Don't worry about starting a new thread. That's actually the best thing to do. I wouldn't worry myself with TV Apps not working right now. They are kinda in flux right now and there is not much there to work with right now. It can also take up to 24 hours for all Internet features to be enabled. The best way to check to make sure you are Internet connected is to hit the DASH key while you are watching TV. You will get a pop-up that says COAX Connected and Internet Connected. If it does not say the latter, something is not set up correctly.

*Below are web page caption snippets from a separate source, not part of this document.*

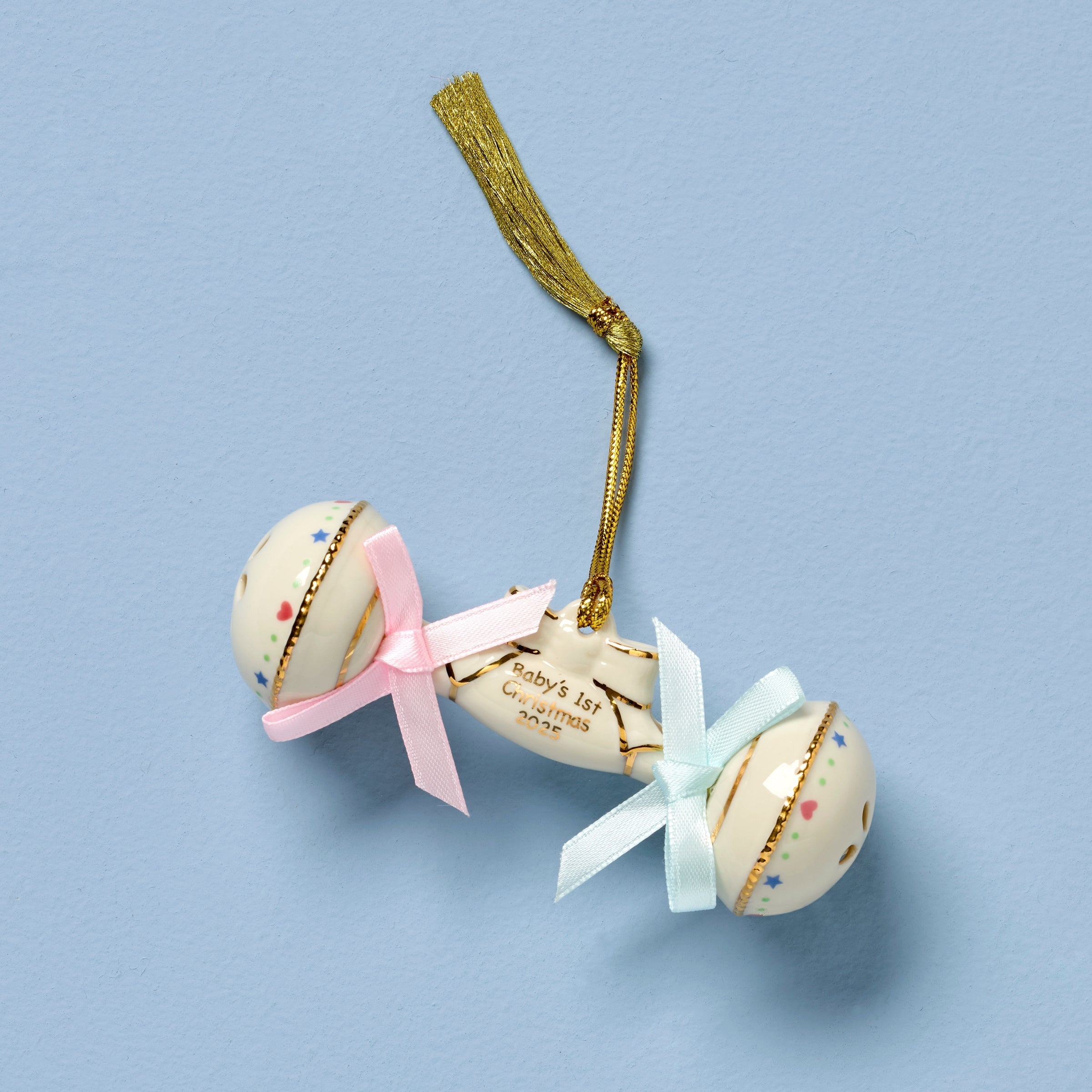 Lenox Westmore 2025 Baby's 1st Christmas Rattle Ornament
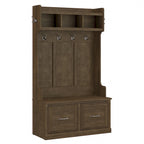 40W Hall Tree with Shoe Storage Bench - Transitional Style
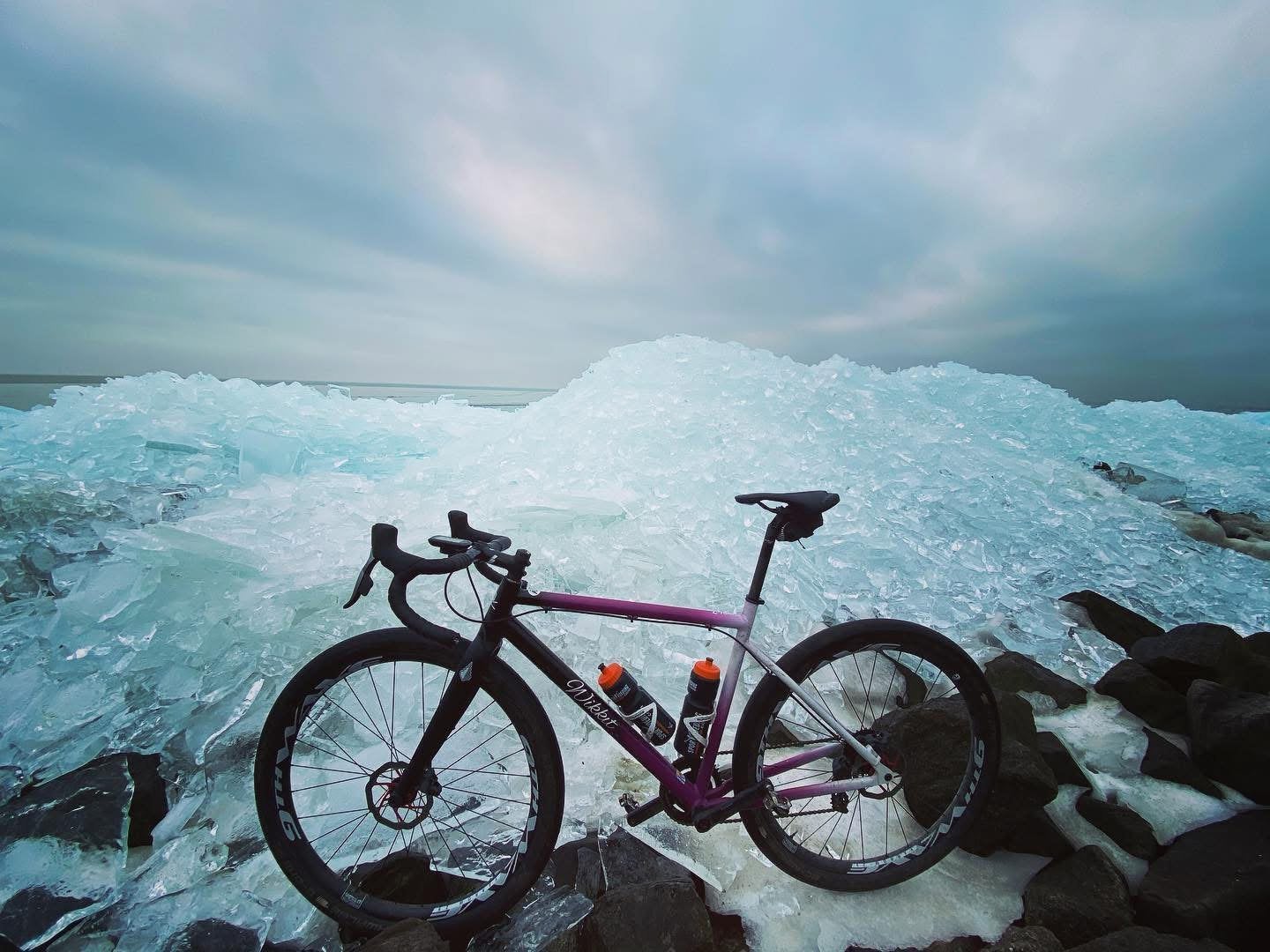 Wikkit L-Niño SL strandfiets -SRAM Force AXS-9th Wave carbon, Ophalen of Verzenden, Gebruikt
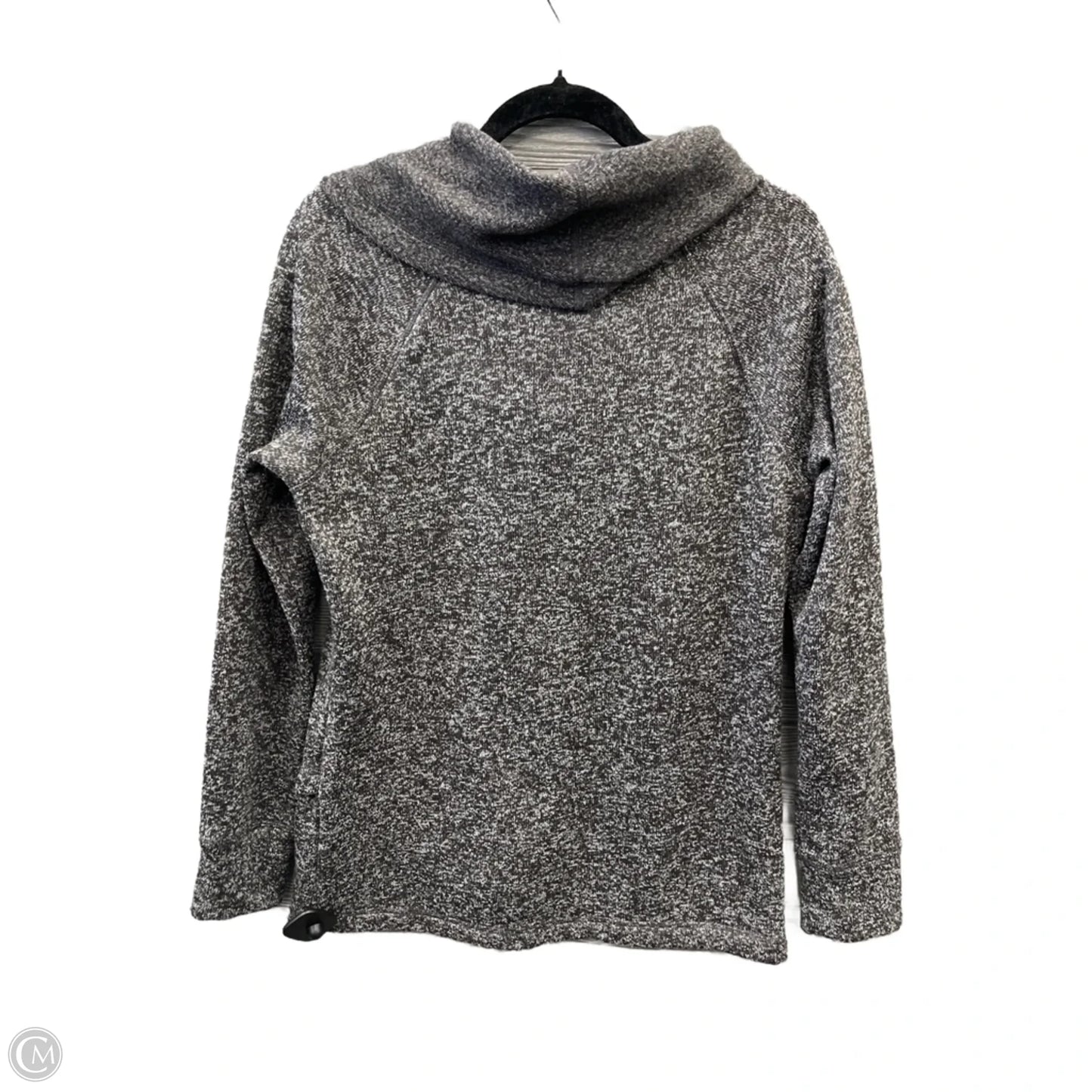 Athletic Sweatshirt Collar By Ideology In Grey, Size: M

Also, since you have a HR34, you can forgo the CCK, if you wish. The HR34 can act like a CCK if you plug an Ethernet cable directly into it. The one benefit of doing this is that you don't have an extra device that you need to power or have plugged in.

- Merg


----------



## pduh (Oct 19, 2012)

The Merg said:


> :welcome_s to DBSTalk!
> 
> Don't worry about starting a new thread. That's actually the best thing to do. I wouldn't worry myself with TV Apps not working right now. They are kinda in flux right now and there is not much there to work with right now. It can also take up to 24 hours for all Internet features to be enabled. The best way to check to make sure you are Internet connected is to hit the DASH key while you are watching TV. You will get a pop-up that says COAX Connected and Internet Connected. If it does not say the latter, something is not set up correctly.
> 
> ...


Thank you for the welcome! Earlier today during the day the TV apps is available and running smoothly so how about that. Only thing is I cannot find the youtube so either I must be blind, or something I don't know about lol.

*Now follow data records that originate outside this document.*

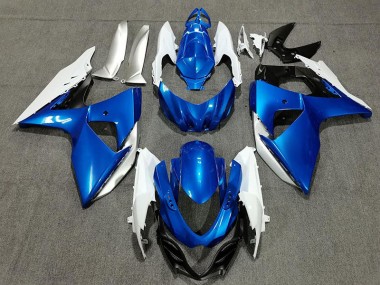 2009-2016 Blue White and Silver Suzuki GSXR 1000 Motorcycle Fairings Canada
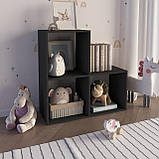 Полиця драбинка для зберігання іграшок на 3 секції в дитячу, полиця для книг 72 см, полиці відкриті підлогові, фото 3
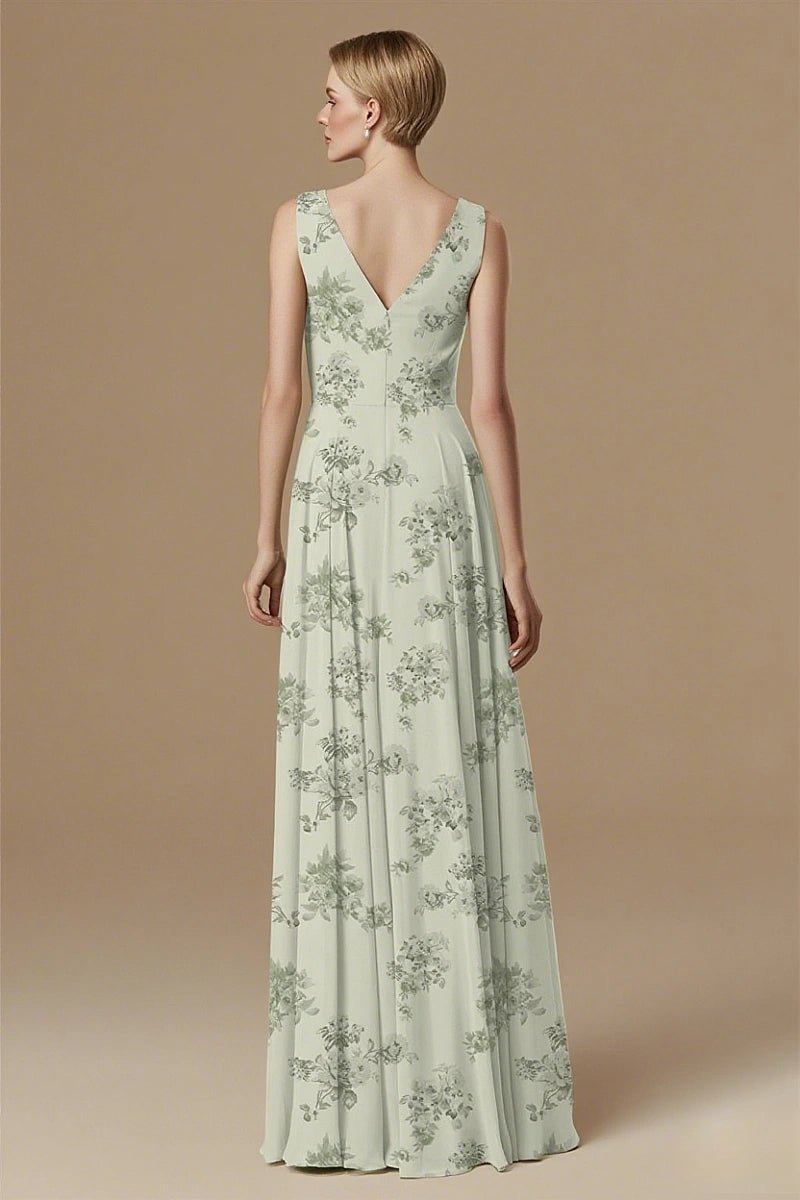 Sweetest Admirer Sage Green Floral Bridesmaid Dress Rustic Charm - Sage Floral - PromDressClub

I didn't even know that thanks for the info! Good thing I do not have to pay the CCK since one of my deals that I got the CCK for free when I was upgrading last weekend so I do not have to bang my head to the wall for wasting my money on the CCK with their original price before the deal they give me.


----------



## The Merg (Jun 24, 2007)

pduh said:


> Thank you for the welcome! Earlier today during the day the TV apps is available and running smoothly so how about that. Only thing is I cannot find the youtube so either I must be blind, or something I don't know about lol.
> 
> I didn't even know that thanks for the info! Good thing I do not have to pay the CCK since one of my deals that I got the CCK for free when I was upgrading last weekend so I do not have to bang my head to the wall for wasting my money on the CCK with their original price before the deal they give me.


No problem. As for YouTube, some of the Internet features can take up to 24 hours before they appear.

- Merg


----------



## pduh (Oct 19, 2012)

The Merg said:


> No problem. As for YouTube, some of the Internet features can take up to 24 hours before they appear.
> 
> - Merg


Uh ok that explains it I thought all the features will come at the same time rather 24 hours, or earlier.


----------